Fonua tackles the impact of climate change on Pacific peoples.

So while debates and discussions rage about climate change, renewal energy and fossil fuels, Tu'ua says many in the Pacific have gone well beyond needing more talk about the issue. They need action - urgently.

As one of Auckland's emerging Pacific theatre-makers, he hopes Fonua will continue to draw attention to climate change but also offer ideas about what each and every one of us can do.

"It sounds like a cliche but you know if we all walked down to the shops instead of driving or took the bus to work, recycled, cut our consumption of stuff like plastic bags, it would make a difference. It takes a village to make effective change, but it takes one individual to start that change."
Fonua: March 11 and 12 at 8pm, Mangere Arts Centre.

EYE SPY
While Tu'ua was speaking to aspiring performers, photographers Brendan Kitto, Emily Mafile'o, Raymond Sagapolutele and Jos Wheeler were introducing children aged 6-12 to the joys of photography.

Forty kids, from all over Auckland, were given a basic Canon camera and a five-day photography course.

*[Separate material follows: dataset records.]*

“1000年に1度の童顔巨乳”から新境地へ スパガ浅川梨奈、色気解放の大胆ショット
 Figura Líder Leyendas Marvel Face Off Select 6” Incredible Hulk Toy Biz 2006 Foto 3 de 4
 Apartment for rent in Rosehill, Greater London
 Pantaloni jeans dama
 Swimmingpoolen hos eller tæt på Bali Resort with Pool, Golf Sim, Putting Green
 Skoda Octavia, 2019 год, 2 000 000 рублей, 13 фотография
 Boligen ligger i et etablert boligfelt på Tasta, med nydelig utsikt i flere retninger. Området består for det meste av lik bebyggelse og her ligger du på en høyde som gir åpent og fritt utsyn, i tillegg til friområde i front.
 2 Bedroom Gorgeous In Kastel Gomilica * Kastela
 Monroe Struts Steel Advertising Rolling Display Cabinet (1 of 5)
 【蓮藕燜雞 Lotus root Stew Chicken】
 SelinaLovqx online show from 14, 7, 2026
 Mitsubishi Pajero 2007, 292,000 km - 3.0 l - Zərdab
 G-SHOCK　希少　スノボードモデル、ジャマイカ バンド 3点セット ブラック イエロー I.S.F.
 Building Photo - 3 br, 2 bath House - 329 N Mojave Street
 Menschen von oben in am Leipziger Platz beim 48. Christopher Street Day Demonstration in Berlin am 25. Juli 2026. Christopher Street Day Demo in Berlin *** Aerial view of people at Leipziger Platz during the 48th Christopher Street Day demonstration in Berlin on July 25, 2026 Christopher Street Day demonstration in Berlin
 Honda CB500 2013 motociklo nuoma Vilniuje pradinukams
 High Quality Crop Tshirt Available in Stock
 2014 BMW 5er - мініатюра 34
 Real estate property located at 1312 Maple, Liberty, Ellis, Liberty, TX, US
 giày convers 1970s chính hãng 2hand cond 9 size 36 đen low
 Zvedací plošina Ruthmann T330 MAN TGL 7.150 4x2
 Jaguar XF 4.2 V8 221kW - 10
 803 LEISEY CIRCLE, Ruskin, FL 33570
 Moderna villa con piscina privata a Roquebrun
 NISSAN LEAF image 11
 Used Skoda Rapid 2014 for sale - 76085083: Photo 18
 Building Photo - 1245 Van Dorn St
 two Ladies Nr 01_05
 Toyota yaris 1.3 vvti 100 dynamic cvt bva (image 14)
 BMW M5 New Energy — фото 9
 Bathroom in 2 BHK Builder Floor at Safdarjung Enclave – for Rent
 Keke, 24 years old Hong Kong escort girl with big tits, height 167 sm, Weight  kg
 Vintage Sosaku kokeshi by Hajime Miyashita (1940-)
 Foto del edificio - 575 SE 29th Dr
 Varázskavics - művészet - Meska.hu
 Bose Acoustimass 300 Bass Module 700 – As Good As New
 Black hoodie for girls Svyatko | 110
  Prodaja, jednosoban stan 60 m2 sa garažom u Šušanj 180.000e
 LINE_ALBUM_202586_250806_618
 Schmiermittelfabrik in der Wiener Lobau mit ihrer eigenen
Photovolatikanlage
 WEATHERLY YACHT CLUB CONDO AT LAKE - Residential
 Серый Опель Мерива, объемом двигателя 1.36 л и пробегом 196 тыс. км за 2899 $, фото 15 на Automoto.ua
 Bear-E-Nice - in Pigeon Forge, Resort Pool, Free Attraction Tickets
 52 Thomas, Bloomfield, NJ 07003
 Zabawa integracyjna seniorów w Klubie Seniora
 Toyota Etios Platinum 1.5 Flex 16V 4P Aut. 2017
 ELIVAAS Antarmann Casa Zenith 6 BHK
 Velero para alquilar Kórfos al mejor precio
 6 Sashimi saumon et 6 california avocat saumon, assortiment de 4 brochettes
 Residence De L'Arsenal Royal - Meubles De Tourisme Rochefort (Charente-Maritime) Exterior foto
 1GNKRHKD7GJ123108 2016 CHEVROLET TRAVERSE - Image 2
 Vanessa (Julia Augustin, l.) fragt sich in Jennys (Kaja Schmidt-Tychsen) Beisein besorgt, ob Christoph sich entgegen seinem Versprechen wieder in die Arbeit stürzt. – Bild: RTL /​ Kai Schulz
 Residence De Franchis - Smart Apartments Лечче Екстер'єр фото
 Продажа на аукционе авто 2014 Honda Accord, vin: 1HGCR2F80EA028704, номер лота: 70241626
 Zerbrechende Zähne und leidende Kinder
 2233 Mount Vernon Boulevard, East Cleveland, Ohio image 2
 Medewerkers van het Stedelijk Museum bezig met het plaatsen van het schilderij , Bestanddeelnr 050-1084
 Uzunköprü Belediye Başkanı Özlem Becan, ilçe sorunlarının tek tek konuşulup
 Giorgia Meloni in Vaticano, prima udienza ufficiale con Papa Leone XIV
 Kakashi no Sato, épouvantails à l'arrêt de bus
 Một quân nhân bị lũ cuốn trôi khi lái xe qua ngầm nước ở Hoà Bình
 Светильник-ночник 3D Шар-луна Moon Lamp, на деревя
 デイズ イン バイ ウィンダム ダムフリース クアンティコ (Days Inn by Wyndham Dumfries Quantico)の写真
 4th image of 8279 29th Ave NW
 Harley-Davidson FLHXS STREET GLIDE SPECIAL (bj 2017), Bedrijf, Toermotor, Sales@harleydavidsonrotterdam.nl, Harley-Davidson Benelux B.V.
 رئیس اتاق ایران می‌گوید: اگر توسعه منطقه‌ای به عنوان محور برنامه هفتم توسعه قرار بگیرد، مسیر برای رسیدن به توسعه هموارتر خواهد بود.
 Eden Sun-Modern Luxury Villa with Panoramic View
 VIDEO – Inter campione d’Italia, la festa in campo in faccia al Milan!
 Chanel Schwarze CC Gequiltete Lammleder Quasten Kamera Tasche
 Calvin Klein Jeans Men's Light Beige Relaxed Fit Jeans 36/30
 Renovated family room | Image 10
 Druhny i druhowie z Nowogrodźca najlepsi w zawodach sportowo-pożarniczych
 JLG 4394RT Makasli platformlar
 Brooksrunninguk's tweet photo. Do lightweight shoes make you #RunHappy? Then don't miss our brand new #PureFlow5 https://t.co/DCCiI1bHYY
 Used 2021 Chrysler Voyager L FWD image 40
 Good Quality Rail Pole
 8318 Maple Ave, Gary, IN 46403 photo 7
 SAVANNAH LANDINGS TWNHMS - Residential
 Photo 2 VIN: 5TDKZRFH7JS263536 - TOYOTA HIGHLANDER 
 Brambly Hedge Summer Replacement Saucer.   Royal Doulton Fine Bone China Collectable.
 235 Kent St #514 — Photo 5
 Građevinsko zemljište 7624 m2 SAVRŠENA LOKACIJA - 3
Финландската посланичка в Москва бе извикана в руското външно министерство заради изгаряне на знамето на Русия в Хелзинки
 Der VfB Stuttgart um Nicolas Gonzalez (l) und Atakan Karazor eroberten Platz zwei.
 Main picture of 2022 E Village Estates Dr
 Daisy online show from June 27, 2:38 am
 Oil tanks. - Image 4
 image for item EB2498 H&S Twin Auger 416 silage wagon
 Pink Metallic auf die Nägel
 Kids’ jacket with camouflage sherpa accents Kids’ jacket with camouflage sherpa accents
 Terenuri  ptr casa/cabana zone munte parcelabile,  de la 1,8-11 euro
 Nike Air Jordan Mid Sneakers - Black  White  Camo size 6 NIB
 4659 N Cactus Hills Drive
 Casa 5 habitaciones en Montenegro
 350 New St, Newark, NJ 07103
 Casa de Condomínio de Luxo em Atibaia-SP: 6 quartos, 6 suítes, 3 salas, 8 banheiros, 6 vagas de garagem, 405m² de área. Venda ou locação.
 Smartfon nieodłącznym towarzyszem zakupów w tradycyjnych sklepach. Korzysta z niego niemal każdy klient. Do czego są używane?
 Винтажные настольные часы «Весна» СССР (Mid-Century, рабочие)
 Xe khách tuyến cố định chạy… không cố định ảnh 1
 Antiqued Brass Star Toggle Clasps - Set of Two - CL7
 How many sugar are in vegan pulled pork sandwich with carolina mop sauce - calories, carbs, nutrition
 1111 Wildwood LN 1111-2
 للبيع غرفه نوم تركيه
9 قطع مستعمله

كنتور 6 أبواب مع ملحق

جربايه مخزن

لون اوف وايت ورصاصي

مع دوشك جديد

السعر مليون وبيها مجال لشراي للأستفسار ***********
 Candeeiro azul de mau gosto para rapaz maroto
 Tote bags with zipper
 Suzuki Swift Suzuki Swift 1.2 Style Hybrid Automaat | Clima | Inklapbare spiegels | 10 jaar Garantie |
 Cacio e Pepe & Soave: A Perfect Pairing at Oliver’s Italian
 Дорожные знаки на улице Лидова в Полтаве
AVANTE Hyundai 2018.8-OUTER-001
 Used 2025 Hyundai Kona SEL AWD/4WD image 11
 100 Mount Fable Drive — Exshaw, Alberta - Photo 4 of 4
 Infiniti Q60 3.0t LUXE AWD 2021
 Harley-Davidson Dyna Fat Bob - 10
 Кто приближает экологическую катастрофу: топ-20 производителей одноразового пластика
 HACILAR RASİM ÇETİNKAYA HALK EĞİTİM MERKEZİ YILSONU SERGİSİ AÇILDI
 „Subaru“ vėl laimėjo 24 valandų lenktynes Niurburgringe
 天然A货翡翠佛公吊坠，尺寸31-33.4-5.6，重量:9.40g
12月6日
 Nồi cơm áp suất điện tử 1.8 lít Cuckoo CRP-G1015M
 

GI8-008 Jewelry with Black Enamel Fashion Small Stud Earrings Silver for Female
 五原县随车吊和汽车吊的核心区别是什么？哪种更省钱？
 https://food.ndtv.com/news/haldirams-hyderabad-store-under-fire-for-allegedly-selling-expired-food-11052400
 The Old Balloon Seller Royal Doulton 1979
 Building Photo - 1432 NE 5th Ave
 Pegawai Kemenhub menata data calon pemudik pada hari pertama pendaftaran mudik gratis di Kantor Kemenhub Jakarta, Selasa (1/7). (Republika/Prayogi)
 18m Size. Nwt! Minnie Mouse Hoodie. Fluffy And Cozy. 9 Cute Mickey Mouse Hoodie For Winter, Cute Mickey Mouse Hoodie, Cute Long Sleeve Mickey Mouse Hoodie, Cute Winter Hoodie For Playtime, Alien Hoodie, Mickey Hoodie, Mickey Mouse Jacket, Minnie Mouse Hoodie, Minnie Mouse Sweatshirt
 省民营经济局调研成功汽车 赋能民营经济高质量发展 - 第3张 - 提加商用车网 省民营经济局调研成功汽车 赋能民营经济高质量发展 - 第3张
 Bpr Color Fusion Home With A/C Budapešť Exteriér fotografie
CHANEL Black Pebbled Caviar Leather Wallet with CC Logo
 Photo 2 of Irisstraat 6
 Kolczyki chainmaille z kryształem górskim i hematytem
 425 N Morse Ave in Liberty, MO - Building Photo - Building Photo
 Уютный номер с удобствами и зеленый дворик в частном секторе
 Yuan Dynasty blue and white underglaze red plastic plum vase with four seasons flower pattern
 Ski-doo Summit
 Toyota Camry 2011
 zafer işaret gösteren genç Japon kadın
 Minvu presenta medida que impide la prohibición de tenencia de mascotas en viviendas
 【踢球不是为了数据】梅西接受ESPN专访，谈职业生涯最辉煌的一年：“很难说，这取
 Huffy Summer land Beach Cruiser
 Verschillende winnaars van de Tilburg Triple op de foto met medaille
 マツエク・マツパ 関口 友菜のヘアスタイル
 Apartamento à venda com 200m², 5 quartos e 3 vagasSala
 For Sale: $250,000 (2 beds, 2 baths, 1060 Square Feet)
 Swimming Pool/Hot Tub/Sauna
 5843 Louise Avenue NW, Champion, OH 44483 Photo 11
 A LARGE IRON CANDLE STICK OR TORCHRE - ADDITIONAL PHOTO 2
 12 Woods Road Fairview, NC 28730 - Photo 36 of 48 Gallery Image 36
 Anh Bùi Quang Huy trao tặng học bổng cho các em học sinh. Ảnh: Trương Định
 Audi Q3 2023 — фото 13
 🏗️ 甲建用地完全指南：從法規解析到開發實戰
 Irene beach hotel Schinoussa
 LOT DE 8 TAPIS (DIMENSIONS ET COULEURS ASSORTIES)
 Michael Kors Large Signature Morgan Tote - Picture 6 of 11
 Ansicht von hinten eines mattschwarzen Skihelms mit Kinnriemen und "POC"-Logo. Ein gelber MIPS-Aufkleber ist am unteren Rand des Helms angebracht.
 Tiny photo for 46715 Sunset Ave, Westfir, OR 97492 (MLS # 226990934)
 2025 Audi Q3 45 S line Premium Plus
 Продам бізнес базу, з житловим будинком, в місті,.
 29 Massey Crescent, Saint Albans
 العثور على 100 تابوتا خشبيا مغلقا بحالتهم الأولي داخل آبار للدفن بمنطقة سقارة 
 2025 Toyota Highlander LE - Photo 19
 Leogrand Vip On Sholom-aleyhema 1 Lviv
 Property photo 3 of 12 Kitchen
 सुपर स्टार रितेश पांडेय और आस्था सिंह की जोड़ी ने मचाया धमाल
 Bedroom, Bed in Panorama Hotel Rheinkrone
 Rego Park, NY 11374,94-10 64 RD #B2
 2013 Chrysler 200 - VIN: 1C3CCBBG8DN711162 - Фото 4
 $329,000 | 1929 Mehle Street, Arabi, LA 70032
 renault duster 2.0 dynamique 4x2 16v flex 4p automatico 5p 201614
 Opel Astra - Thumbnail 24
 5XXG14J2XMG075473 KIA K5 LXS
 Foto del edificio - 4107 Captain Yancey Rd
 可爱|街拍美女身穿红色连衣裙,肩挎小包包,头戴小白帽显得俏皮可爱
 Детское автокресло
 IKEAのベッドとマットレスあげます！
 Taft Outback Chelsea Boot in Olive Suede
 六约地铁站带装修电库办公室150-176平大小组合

They took pictures before choosing which to show in Eye Spy exhibitions across the region.

Sagapolutele, from Manurewa, says day one saw a lot of selfies taken.

"That's understandable given the way things are, but then there was a subtle shift when the kids started moving the camera away from them and focusing on their families, their pets - if they had them - the food they ate for dinner or the places around them."

What emerged was a clear picture of young lives and what's important to them. It turns out it's not so different to when Sagapolutele was playing around with cameras in the 1970s and 80s.

"For a lot of them, there was a really strong family theme," he said.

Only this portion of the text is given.